Flags: needinfo?(anshulj)
Hsin-Yi, please find the information you requested. - Log file attached - You can get the RIL binary from AU 189 - Steps to reproduce - Start Camera, Call, Camcorder, Call - Start music at background - Repeat above steps The crash happened after the above test case was run over night by our stability team.
Flags: needinfo?(anshulj)
(In reply to Anshul from comment #18) > Hsin-Yi, please find the information you requested. > > - Log file attached > - You can get the RIL binary from AU 189 > - Steps to reproduce > - Start Camera, Call, Camcorder, Call > - Start music at background > - Repeat above steps > > The crash happened after the above test case was run over night by our > stability team. Hi Anshul, Thanks for providing what we requested. We investigated the full log, however we didn't see more clues about communications app crash there. Our QA is helping reproduce this issue with QC RIL, and hopefully to gather more hints.

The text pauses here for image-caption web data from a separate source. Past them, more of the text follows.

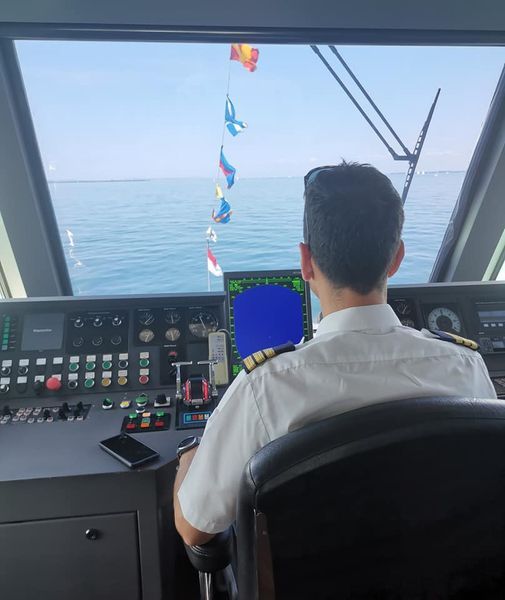 Schifffahrt am Bodensee 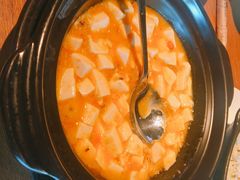 老上海蟹粉豆腐-上海小南国(正大店)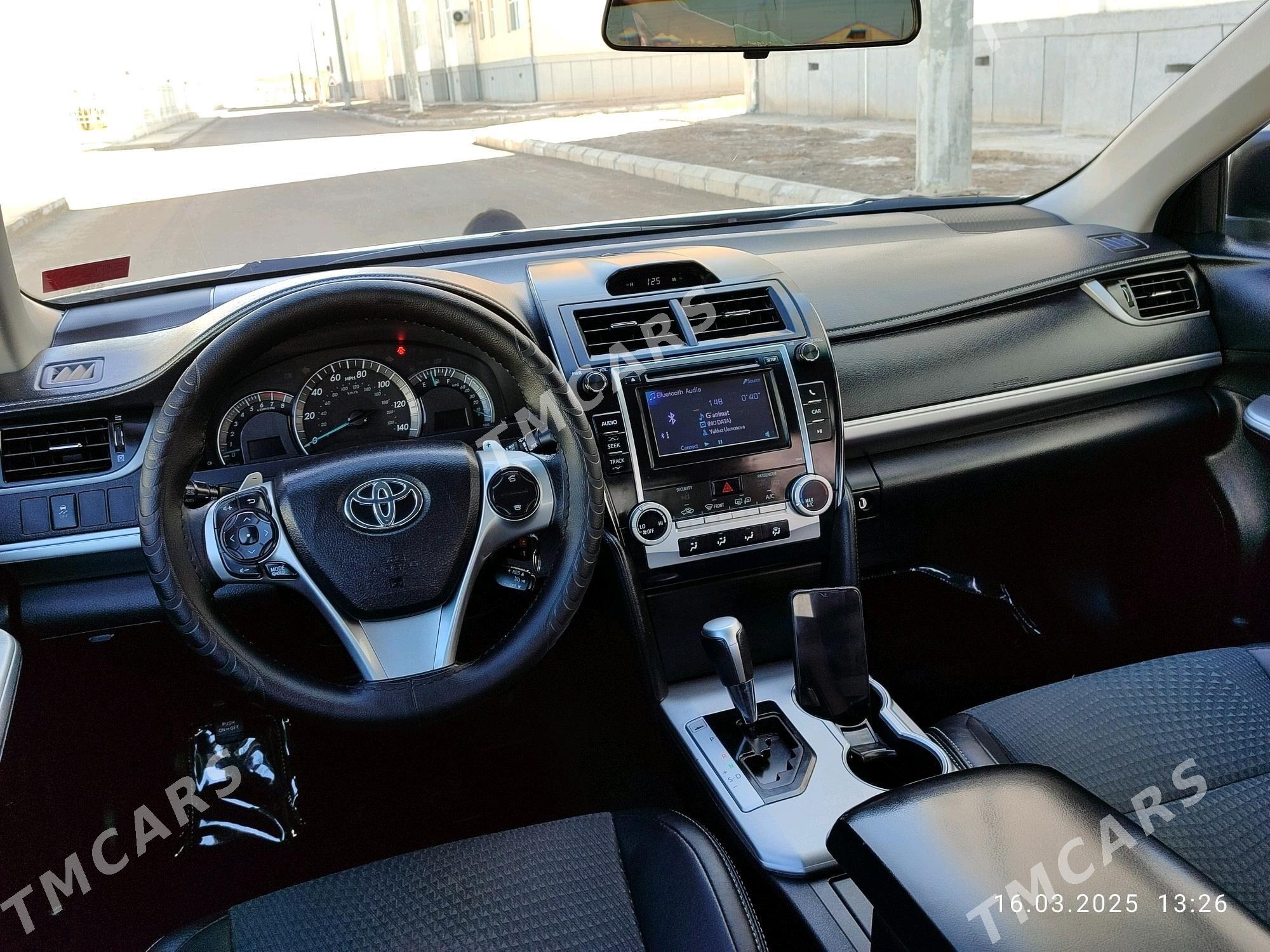 Toyota Camry 2013 - 226 000 TMT - Daşoguz - img 10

We've been following your steps over dozens of iterations but still not made it yet. We are wondering whether your team is testing this issue by a test script. If so, would it be possible to provide us your test script? That would be very much appreciated and a great help. Thanks again :)
Flags: needinfo?(anshulj)
Anshul, Me again ;-) Not sure whether it's possible you could help us to get more info when you run the next stability test. In case it is, here are the steps to get more debug messages. 1) edit |B2G/.userconfig|, add this line "export B2G_DEBUG=1" Then delete the obj directory & re-build. 2) In B2G/, run this line |./run-gdb.sh attach [pid communications app]|. Once the seg. fault appears again, type 'bt' to get stack.
QA Contact: atsai
Anshul, Though having 3 people to do this test during these days, we still can not reproduce this bug...:( Could you also help to reproduce this bug and get logs of what Hsinyi said to us? Thanks.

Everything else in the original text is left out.